More than 200 care homes will be connected to the telehealth hub at Airedale NHS Foundation Trust this winter.

The hub was set up in September 2011 and connects patients to a 24/7 nurse-led service at Airedale Hospital. The trust is working with technical partners Involve to roll-out the service to around 200 nursing and residential homes as part of a joint venture called ‘Immedicare’.

Calderdale and Huddersfield NHS Foundation Trust is one of those that has funded the installation of the service in 18 care homes as a trial project designed to reduce its hospital admissions and people using its A&E department.

John Rayner, Calderdale and Huddersfield’s director of health informatics, said the trust was keen to provide a better service for care home residents who can find it very distressing to visit A&E.

“The telemedicine service provides care home staff and patients with immediate access to expert clinical advice that in many cases means that a trip to the hospital can be avoided,” he added.

The hub is staffed by specialist nurses who can assess and triage patients as well as support nursing home staff to provide any additional care.

Airedale’s deputy director of strategy and business development Rebecca Malin told EHI a team presented on Immedicare at around 20 conferences in the final months of 2013 and this had generated a steady stream of interest in the telehealth service.

Results of a study of the hub were presented to The Kings Fund Third Annual International Congress on Telehealth and Telecare 2013 and showed that: hospital admissions dropped by 45%; length of stay in hospital dropped by 30%; and use of A&E dropped by 69%.

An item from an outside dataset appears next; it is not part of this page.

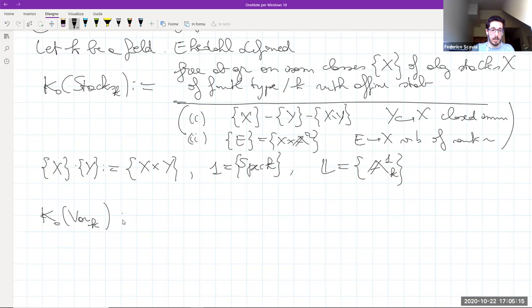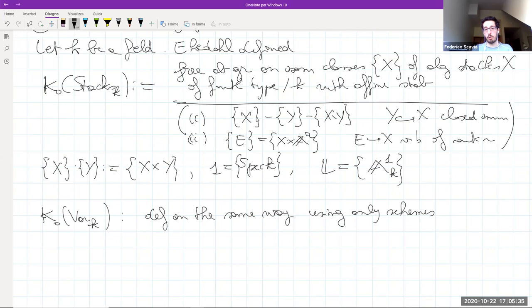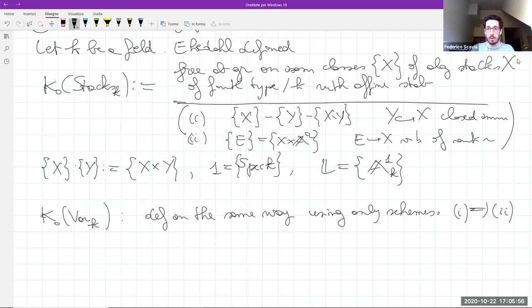You may be aware that there is also a Grothendieck ring of varieties, defined by Grothendieck in the same way much earlier, but using only schemes. In that case the first scissor relation is imposed, and the second relation actually follows from the first, because vector bundles of schemes are Zariski locally trivial. So the ring of stacks seems more mysterious because there are these algebraic stacks of finite type with finite stabilizers, which are not as common as schemes.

Malin said there was initial concern that if given a 24/7 service, patients and care home staff would use it a lot. However, she found the opposite was true as simply having the equipment gave them the reassurance they needed. This means that one nurse on duty can support 2000 patients at a time.

The hub is now providing ‘out-of-region’ care to patients in Cumbria, Bolton, Dartford and Gravesham. The Immedicare team works with local acute trusts to agree pathways to allow hub staff to call bed managers directly if a patient needs to be admitted.

“It’s another example that geography is irrelevant,” Malin said.

“We see this as a means of potentially spreading capacity in the longer term.”

Malin said the use of telemedicine hubs could easily spread beyond elderly care. Airedale is involved in a pilot using the technology to deliver speech and language therapy as well as end of life care.

“There’s lots of ways we can use this and we certainly haven’t discovered them all,” she explained.

Profits from the joint venture are reinvested in local services for Airedale.